The duration of the pipeline project will overlap the rest of the fertilizer plant construction, which could cause greater demand for the diminishing number of available rooms and housing in the Tri-State Area.
“A representative from the pipeline said they would need housing for 800 people for one year starting in mid-May,” Brandenberger said. “Campgrounds, hotels and all kinds of private housing. Campers for Midwest Threshers (in Mount Pleasant) couldn’t park their campers last year in Mount Pleasant.”
Hickory Haven Campground owner Ron Ginsberg has 50 camper slots and they’re all taken.
“I wish I had 100 more,” he said. “I’ve been getting calls for two years, now. They bring in their families. They travel to their jobs. That’s what they do.”
Ginsberg said workers get $70 per diem to use on housing and food.
“That will more than pay for what I have,” he said. “I know they (the company) moved 20 units to Kahoka (Mo.).
Hamilton, Ill., Park Department has camper rental spots available.
Tourism events throughout the summer can attract crowds sizable enough to affect hotel/motel vacancy rates. Some of the larger public affairs include Burlington’s Steamboat Days, June 16-19; Latter-day Saints’ pageant in Nauvoo, Ill., July 5-30; Lee County Fair, July 6-11; Western Illinois Old Threshers, Aug. 5 and 6; Sweet Corn Festival, Aug 11-14; Watermelon Festival, Aug. 18-21; Rollin’ on the River Blues Festival, Aug. 19-20; Midwest Threshers Reunion, Sept. 1-5; Clark County Mule Festival, Sept. 16-18; Geode Fest, Sept. 23-25; and Fort Madison Rodeo Sept. 7-10.
A phone survey of Keokuk and area real estate agents and motels resulted in possible leads and dead ends for housing seekers.
Realtors Howie Sutlive, Tim Peevler and Vicki Briscoe, said they haven’t experienced a change in the demand for housing market.
Motel owners in the area are showing mixed results.
The Avenue of the Saints Motel in Donnellson is nearly full of fertilizer plant workers, according to its owner Marvin Mihm.
Keokuk Super 8 Manager Alicia Jones said her motel had a 25 percent uptick because of the fertilizer plant, but experienced the increase indirectly as leisure travelers couldn’t find rooms in other area towns.
The Baymont Inn & Suites wants to experience some of the pipeline construction traffic, but to date hasn’t received any calls, according to Manager Justin Swinderman.
“It didn’t do much to help me last year,” he said. “I reduced the rate, but they ramp down in winter.
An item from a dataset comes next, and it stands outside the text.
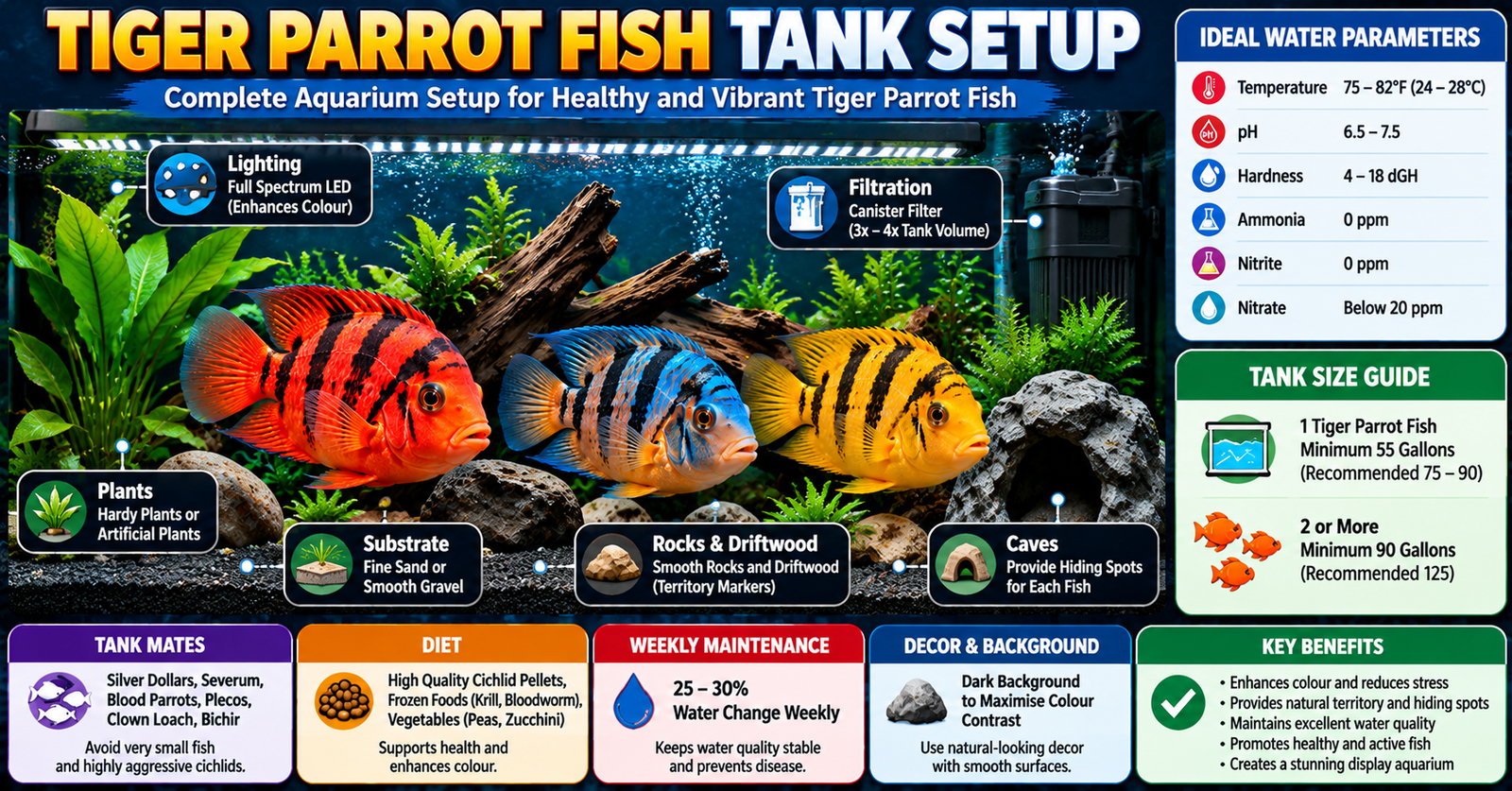 Tiger parrot fish aquarium setup infographic showing red, blue, and yellow fish with labeled guidance for lighting, filtration, plants, substrate, rocks, driftwood, caves, tank size, water parameters, diet, tank mates, and maintenance.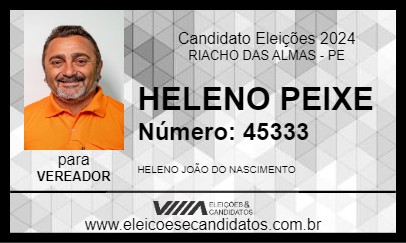 Candidato HELENO PEIXE 2024 - RIACHO DAS ALMAS - Eleições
It hurt more than it helped.”
Swinderman is interested in housing pipeline personnel, but hasn’t heard from anyone yet.
“They don’t return my calls,” he said.
Hampton Inn in Keokuk housed pipeline personnel during the early stages of surveying and borings, according to Manager Adrian Woollam. She isn’t expecting anyone associated with the project until early May. She rents rooms by the day, not by the week.
“Our occupancy has been high,” she said.
Alpa Patel, owner of the Chief Motel in Keokuk, said the pipeline people are calling around for room rates.
Quality Inn in Keokuk does have a long-term stay rate, but is booked for May, June and July, according to an employee.